The full listing below is to be written out exactly.

- **Supplied data**:
• • • • • • •
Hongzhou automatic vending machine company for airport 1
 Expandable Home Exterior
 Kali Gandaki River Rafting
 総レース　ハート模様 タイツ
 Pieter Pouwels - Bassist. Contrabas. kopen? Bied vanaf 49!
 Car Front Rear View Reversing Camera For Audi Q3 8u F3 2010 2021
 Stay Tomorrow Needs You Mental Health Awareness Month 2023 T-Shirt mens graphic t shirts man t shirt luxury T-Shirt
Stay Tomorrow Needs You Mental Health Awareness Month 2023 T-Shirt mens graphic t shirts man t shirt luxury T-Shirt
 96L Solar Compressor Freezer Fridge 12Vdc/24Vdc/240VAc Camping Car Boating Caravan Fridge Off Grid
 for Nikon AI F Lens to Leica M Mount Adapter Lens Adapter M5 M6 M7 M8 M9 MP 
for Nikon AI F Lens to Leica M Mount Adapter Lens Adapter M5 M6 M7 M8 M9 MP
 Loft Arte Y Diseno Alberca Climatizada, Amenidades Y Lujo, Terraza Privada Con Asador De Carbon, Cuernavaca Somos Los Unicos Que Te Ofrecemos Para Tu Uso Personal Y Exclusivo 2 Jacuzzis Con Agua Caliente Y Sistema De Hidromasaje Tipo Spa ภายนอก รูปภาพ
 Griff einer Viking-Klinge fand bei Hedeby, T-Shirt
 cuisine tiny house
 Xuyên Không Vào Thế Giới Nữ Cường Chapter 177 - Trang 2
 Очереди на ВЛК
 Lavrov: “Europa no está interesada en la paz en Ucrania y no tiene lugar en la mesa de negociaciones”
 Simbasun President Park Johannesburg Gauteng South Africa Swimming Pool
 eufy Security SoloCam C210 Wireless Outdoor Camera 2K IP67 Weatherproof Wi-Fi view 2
• • • • • • •
- **Answer section**:
Hongzhou automatic vending machine company for airport 1
 Expandable Home Exterior
 Kali Gandaki River Rafting
 総レース　ハート模様 タイツ
 Pieter Pouwels - Bassist. Contrabas. kopen? Bied vanaf 49!
 Car Front Rear View Reversing Camera For Audi Q3 8u F3 2010 2021
 Stay Tomorrow Needs You Mental Health Awareness Month 2023 T-Shirt mens graphic t shirts man t shirt luxury T-Shirt
Stay Tomorrow Needs You Mental Health Awareness Month 2023 T-Shirt mens graphic t shirts man t shirt luxury T-Shirt
 96L Solar Compressor Freezer Fridge 12Vdc/24Vdc/240VAc Camping Car Boating Caravan Fridge Off Grid
 for Nikon AI F Lens to Leica M Mount Adapter Lens Adapter M5 M6 M7 M8 M9 MP 
for Nikon AI F Lens to Leica M Mount Adapter Lens Adapter M5 M6 M7 M8 M9 MP
 Loft Arte Y Diseno Alberca Climatizada, Amenidades Y Lujo, Terraza Privada Con Asador De Carbon, Cuernavaca Somos Los Unicos Que Te Ofrecemos Para Tu Uso Personal Y Exclusivo 2 Jacuzzis Con Agua Caliente Y Sistema De Hidromasaje Tipo Spa ภายนอก รูปภาพ
 Griff einer Viking-Klinge fand bei Hedeby, T-Shirt
 cuisine tiny house
 Xuyên Không Vào Thế Giới Nữ Cường Chapter 177 - Trang 2
 Очереди на ВЛК
 Lavrov: “Europa no está interesada en la paz en Ucrania y no tiene lugar en la mesa de negociaciones”
 Simbasun President Park Johannesburg Gauteng South Africa Swimming Pool
 eufy Security SoloCam C210 Wireless Outdoor Camera 2K IP67 Weatherproof Wi-Fi view 2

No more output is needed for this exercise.